BEGIN Task data

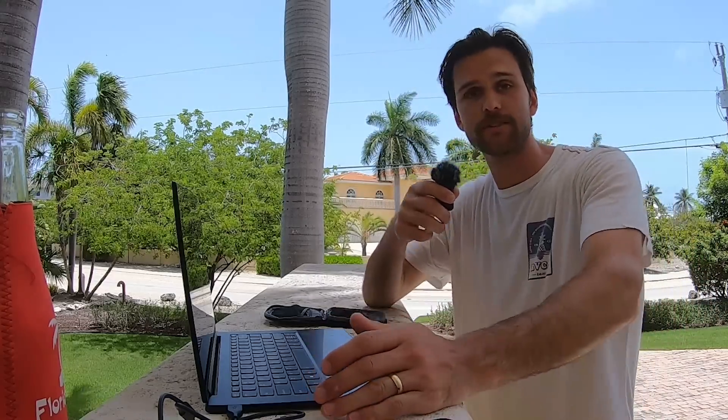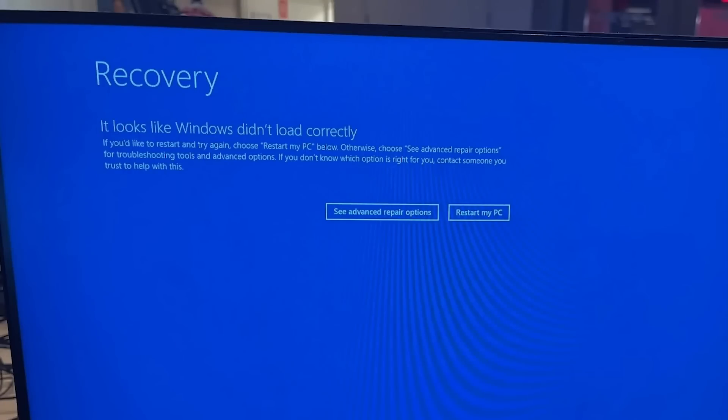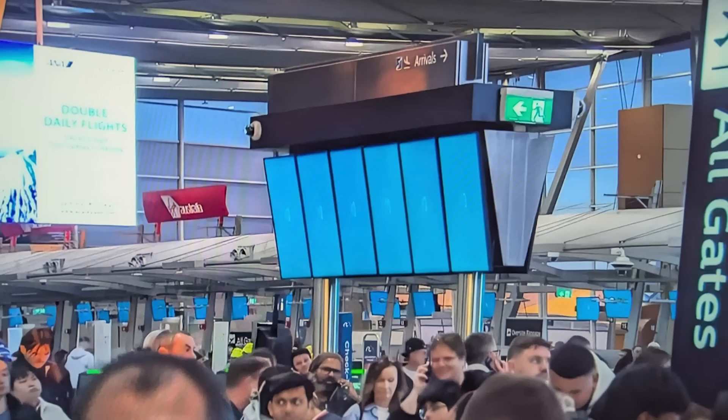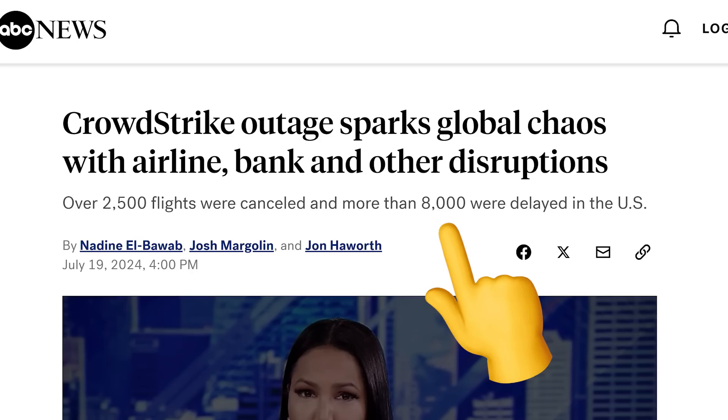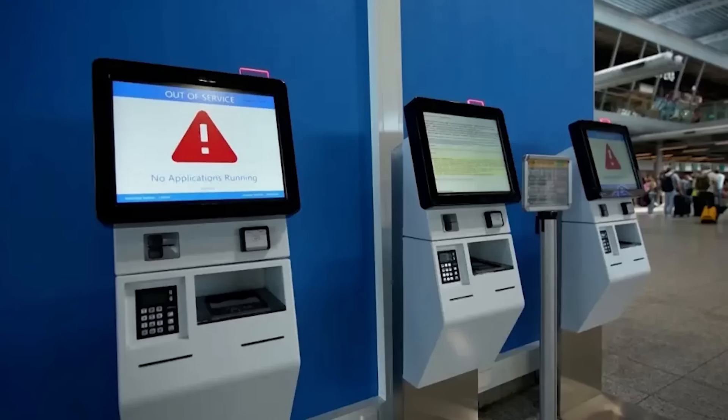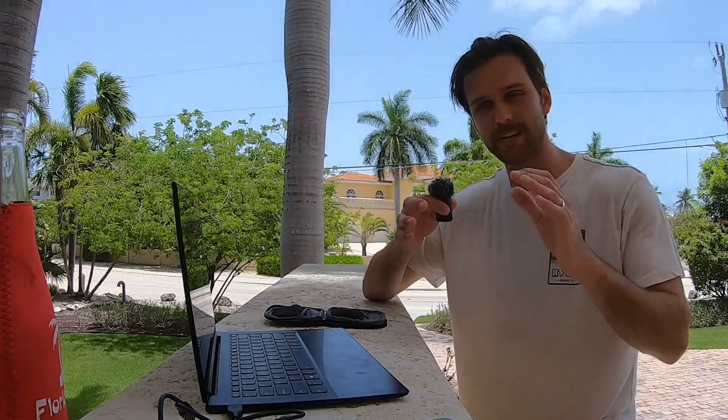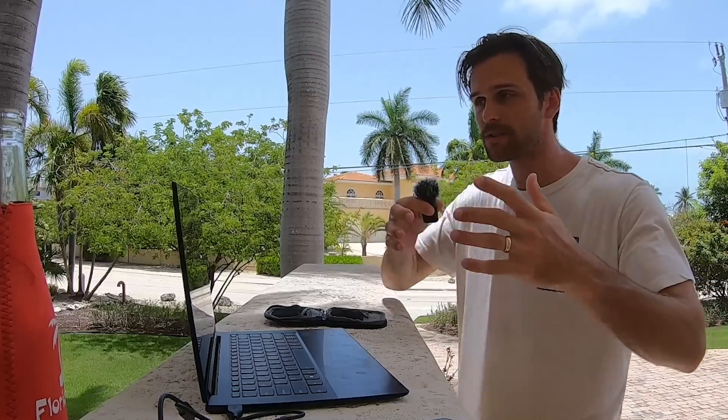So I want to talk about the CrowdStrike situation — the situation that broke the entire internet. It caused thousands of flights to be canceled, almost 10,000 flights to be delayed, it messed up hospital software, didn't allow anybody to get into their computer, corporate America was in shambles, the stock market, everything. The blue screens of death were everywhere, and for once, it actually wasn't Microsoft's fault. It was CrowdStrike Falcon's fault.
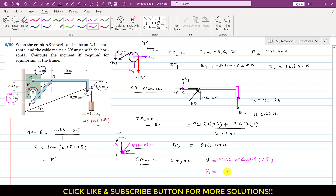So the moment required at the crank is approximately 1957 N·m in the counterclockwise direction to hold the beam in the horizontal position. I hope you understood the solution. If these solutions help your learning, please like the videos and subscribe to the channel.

END Task data
BEGIN Task data

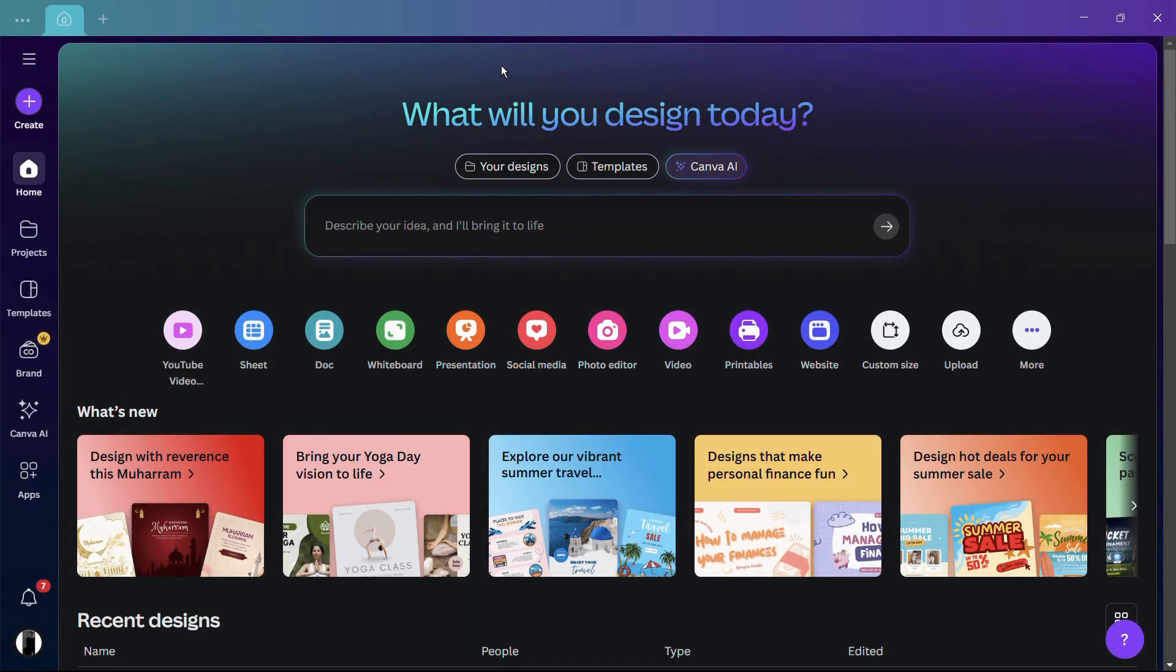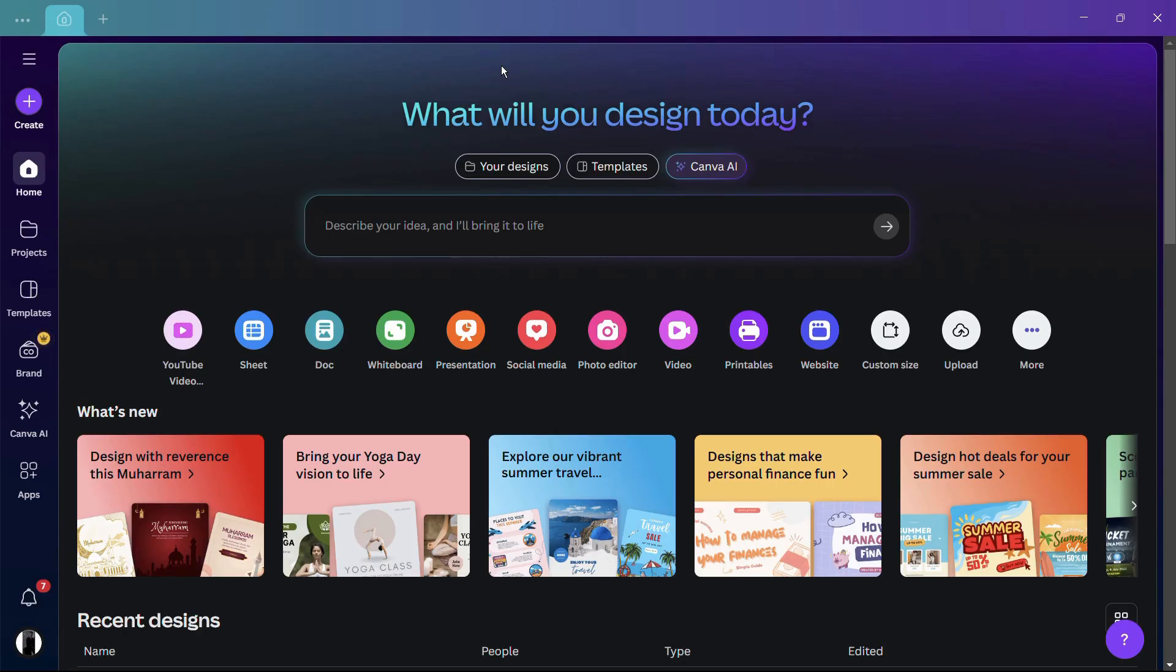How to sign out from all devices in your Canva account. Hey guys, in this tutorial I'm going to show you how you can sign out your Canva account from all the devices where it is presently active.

END Task data

Work instruction
Copy exactly the material above from the line with "So I want to" to the line with "So the moment", ends included, and nothing else. Leave out any picture.

The completed task
So I want to talk about the CrowdStrike situation — the situation that broke the entire internet. It caused thousands of flights to be canceled, almost 10,000 flights to be delayed, it messed up hospital software, didn't allow anybody to get into their computer, corporate America was in shambles, the stock market, everything. The blue screens of death were everywhere, and for once, it actually wasn't Microsoft's fault. It was CrowdStrike Falcon's fault.
So the moment required at the crank is approximately 1957 N·m in the counterclockwise direction to hold the beam in the horizontal position. I hope you understood the solution. If these solutions help your learning, please like the videos and subscribe to the channel.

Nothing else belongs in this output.